EXERCISE PROMPT - Without pictures, repeat exactly the lines from the one containing "Photo by BenCh0074" through the end of the entries.

··· AVAILABLE DATA ···

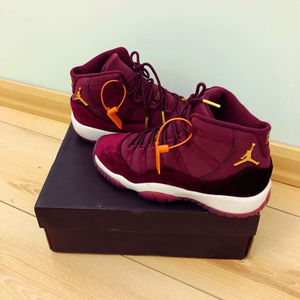 aj 11红丝绒.38码数 97新.正品 新旧程度 97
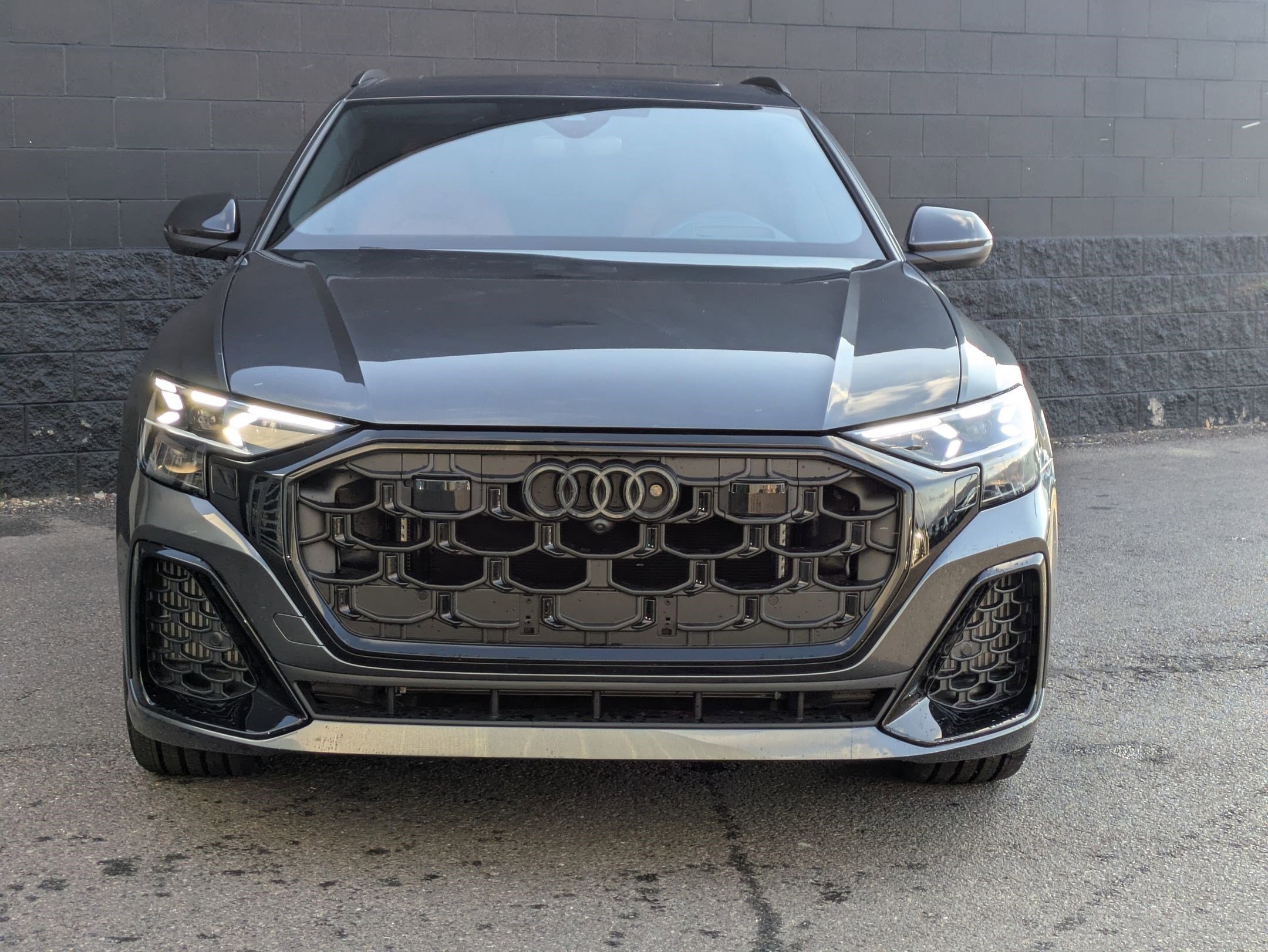 New 2026 Audi SQ8 Prestige image 2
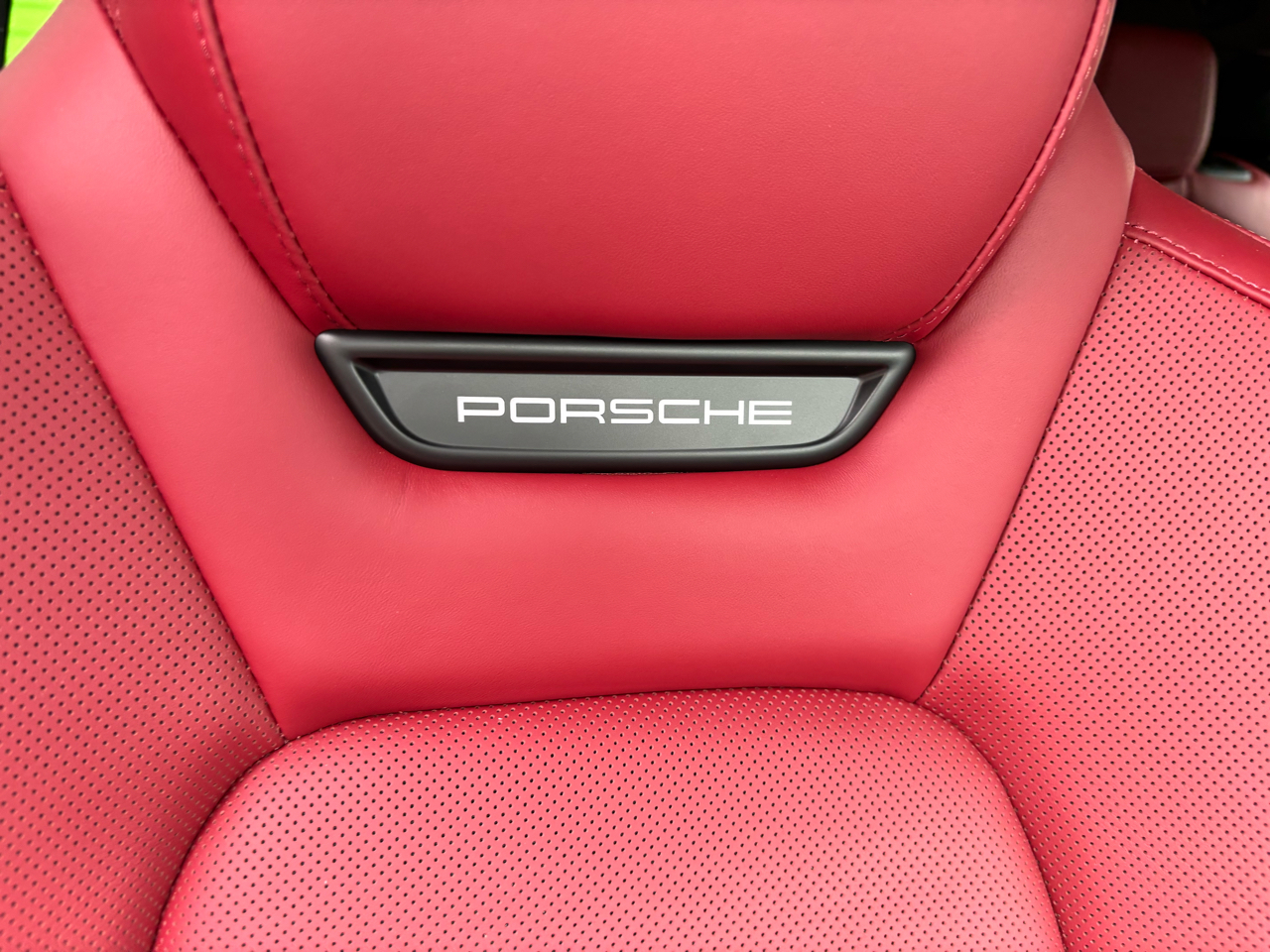 Porsche Macan Electric Turbo AWD 2025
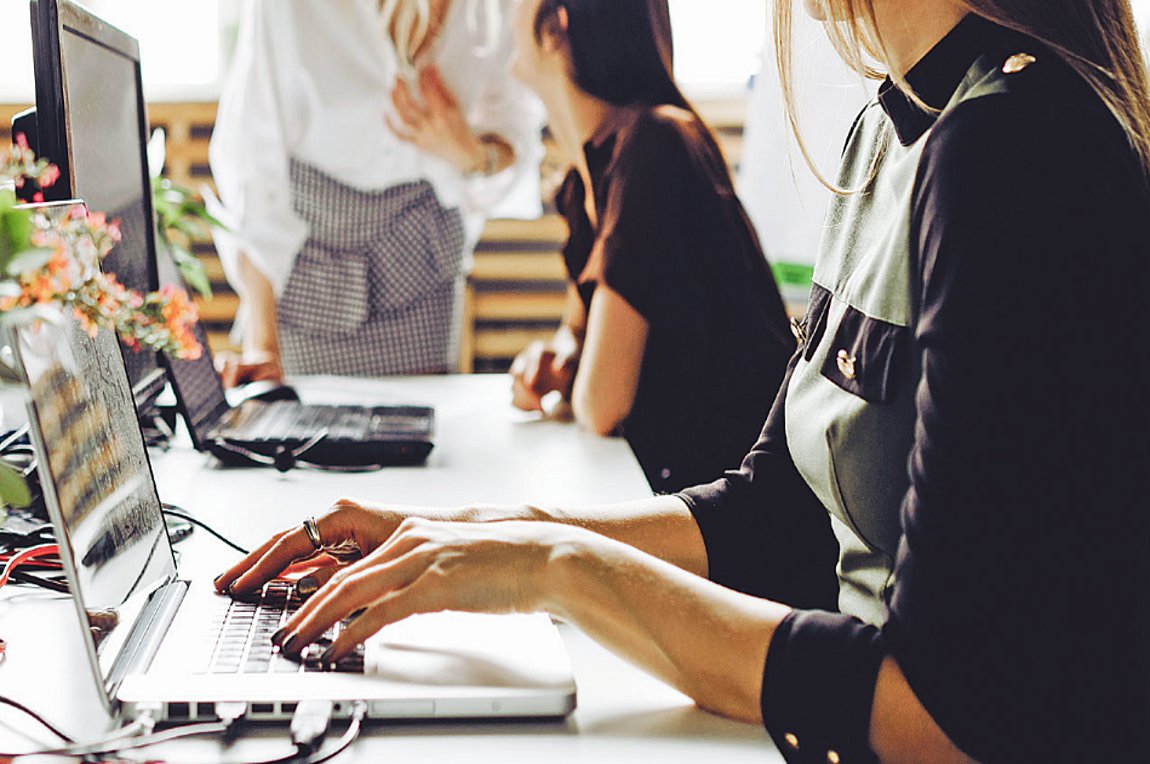 Τέσσερις νέες δράσεις για 52.000 ανέργους – Τα επτά ανοιχτά προγράμματα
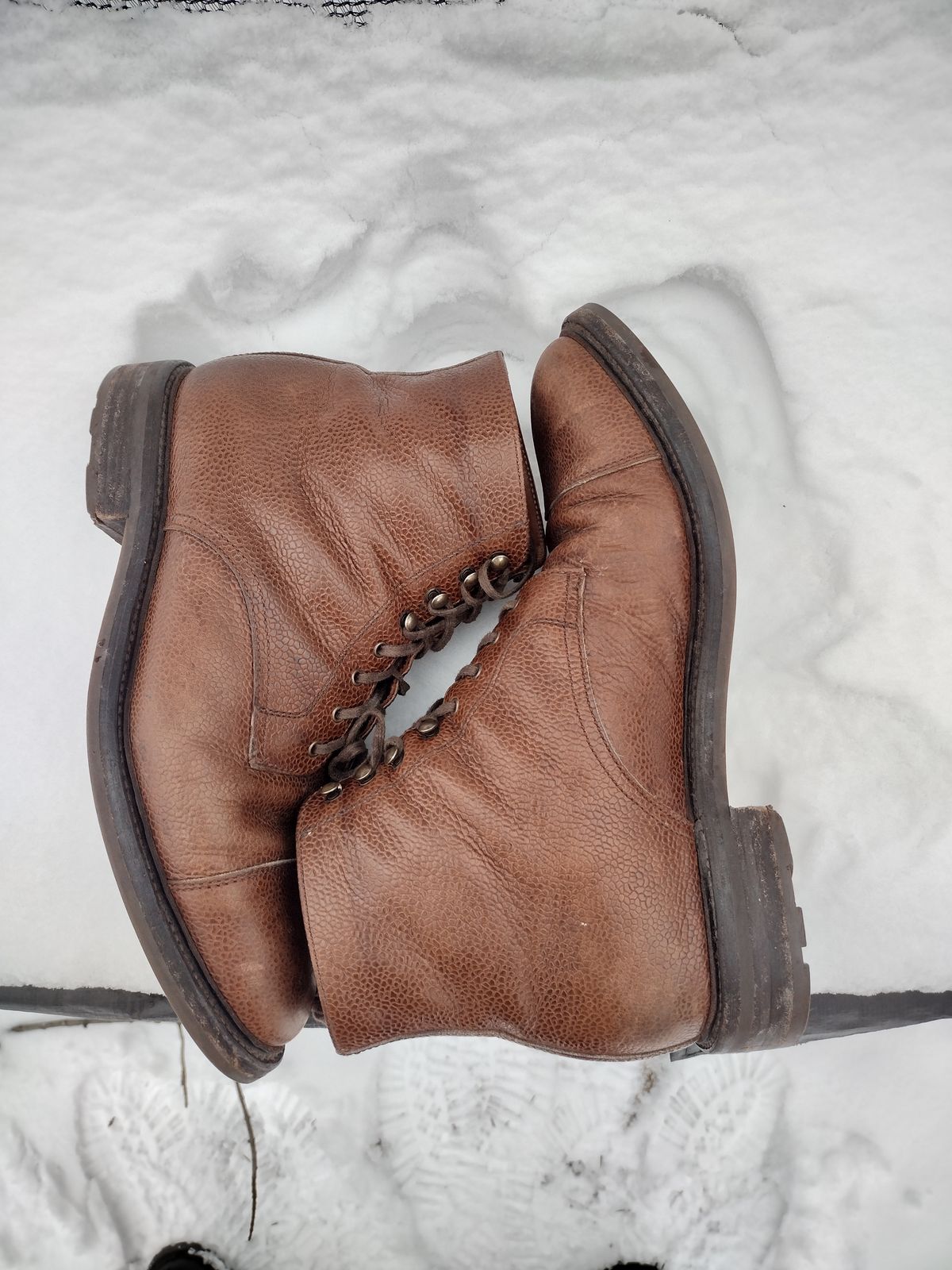Photo by BenCh0074 on February 2, 2025 of the Caswell Boot Company Wilson in Du Puy Dark Brown Country Calf.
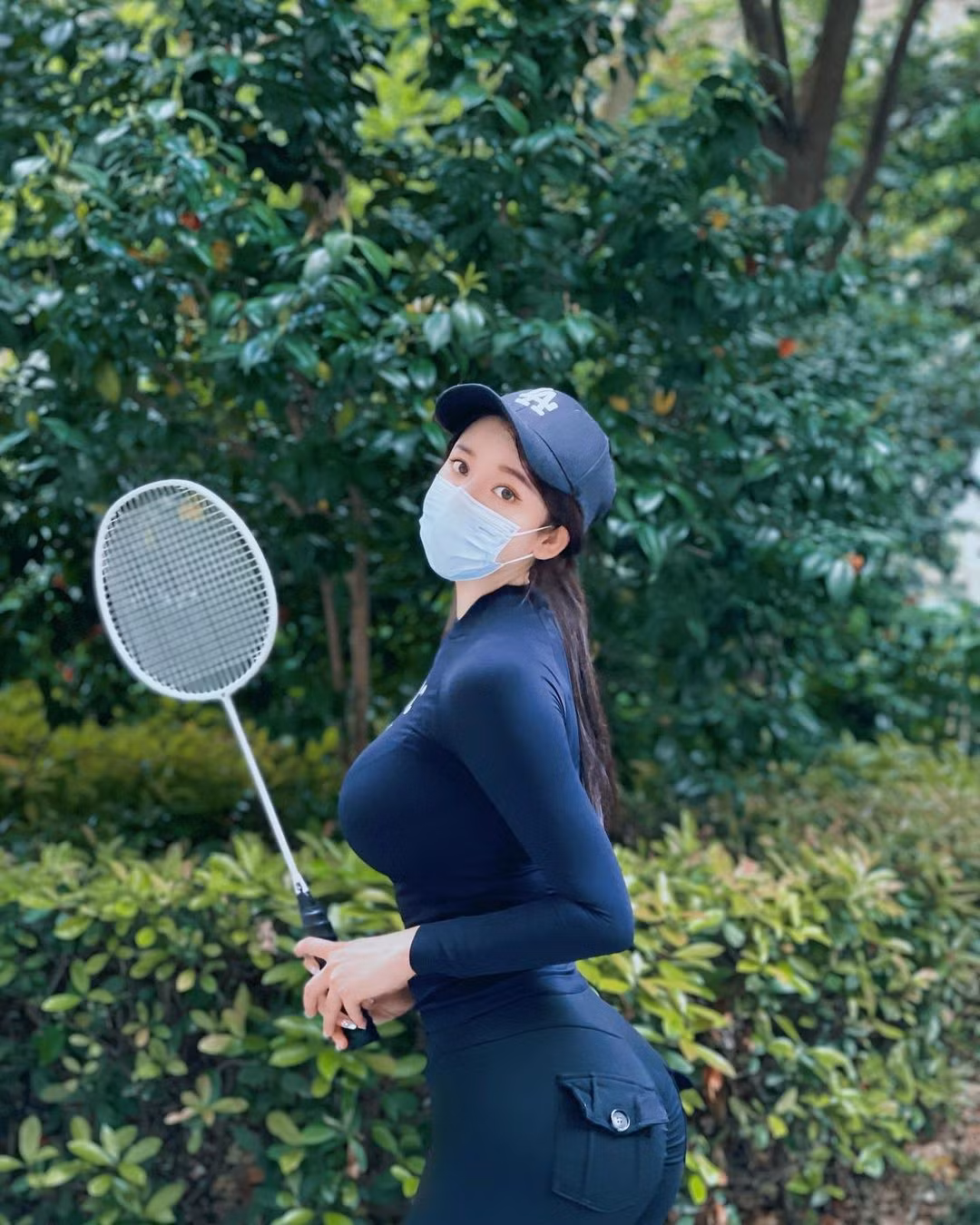 Do vậy để có được thân hình săn chắc như hiện tại người đẹp đã phải luyện tập chăm chỉ.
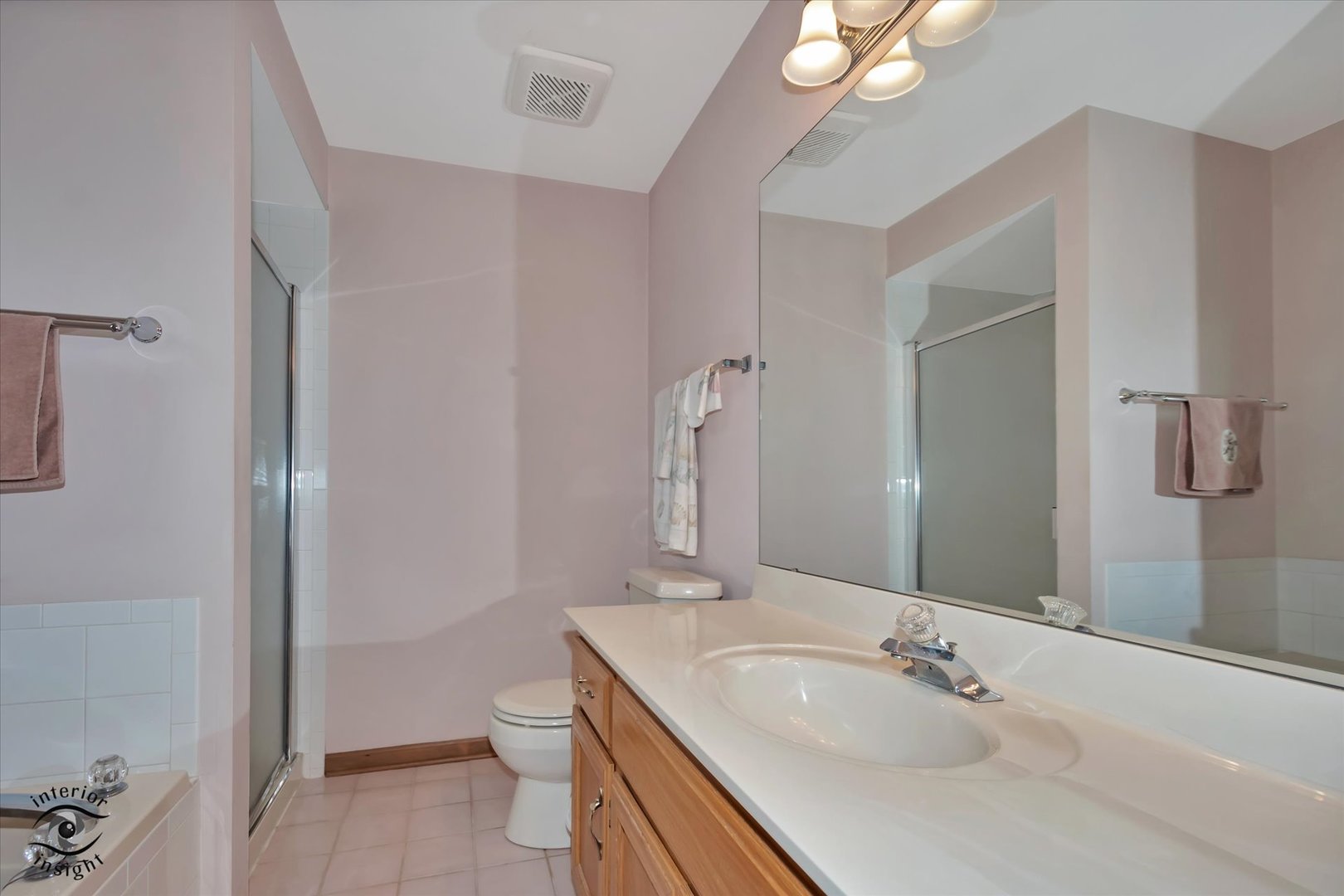 233 Goldenwood Court, Aurora, IL 60502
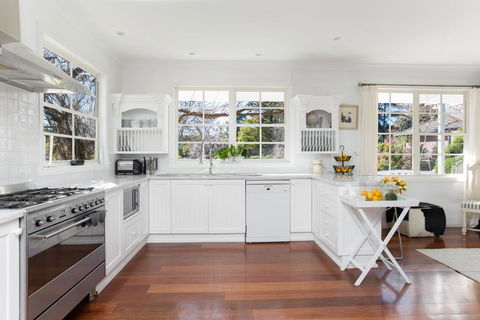 Bowral Escape - Phillip Island Accommodation 5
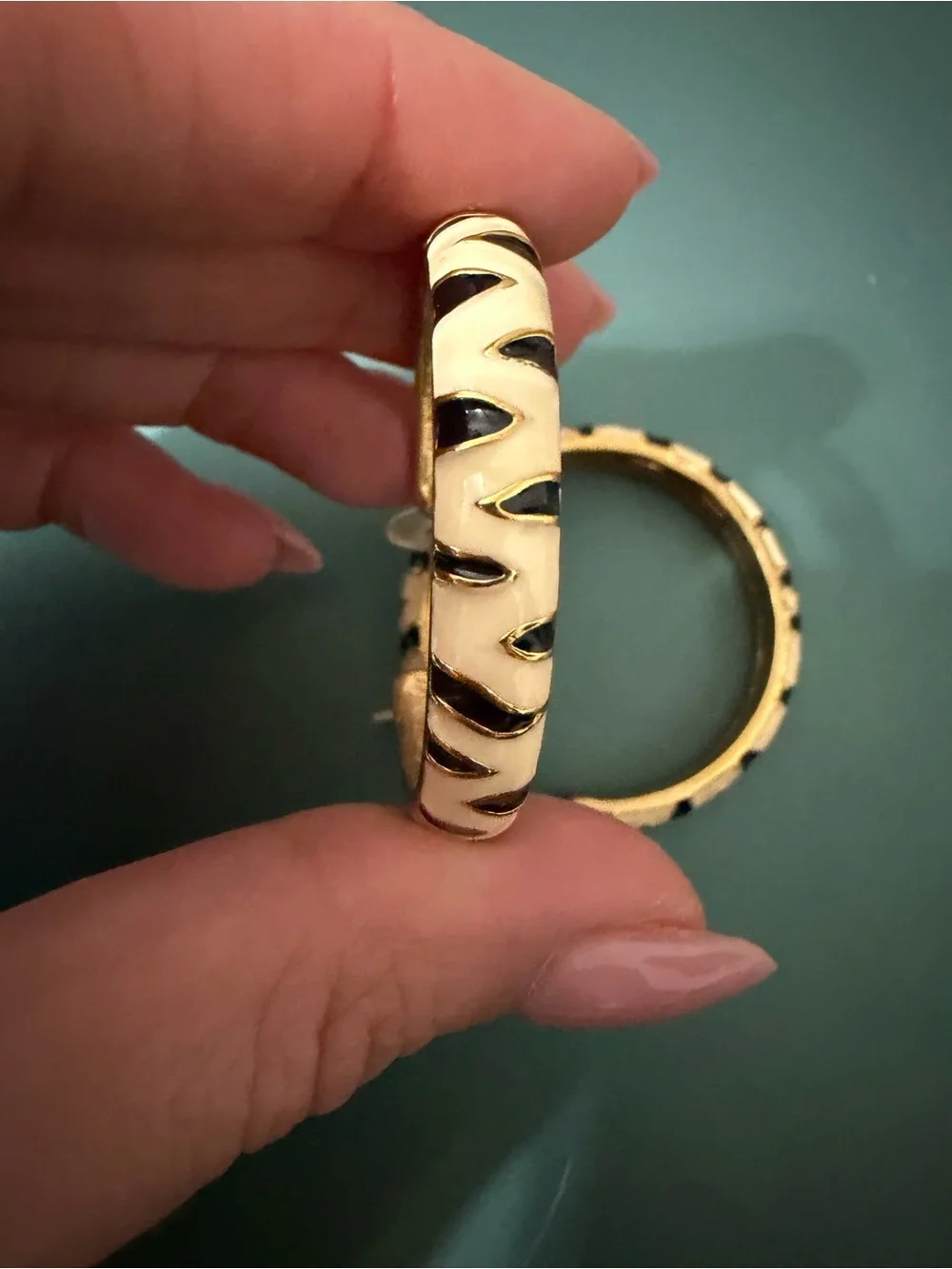 Vintage Carolee Gold Tone Zebra Enamel Hoop Earrings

···

PROBLEM SOLUTION -
Photo by BenCh0074 on February 2, 2025 of the Caswell Boot Company Wilson in Du Puy Dark Brown Country Calf.
 Do vậy để có được thân hình săn chắc như hiện tại người đẹp đã phải luyện tập chăm chỉ.
 233 Goldenwood Court, Aurora, IL 60502
 Bowral Escape - Phillip Island Accommodation 5
 Vintage Carolee Gold Tone Zebra Enamel Hoop Earrings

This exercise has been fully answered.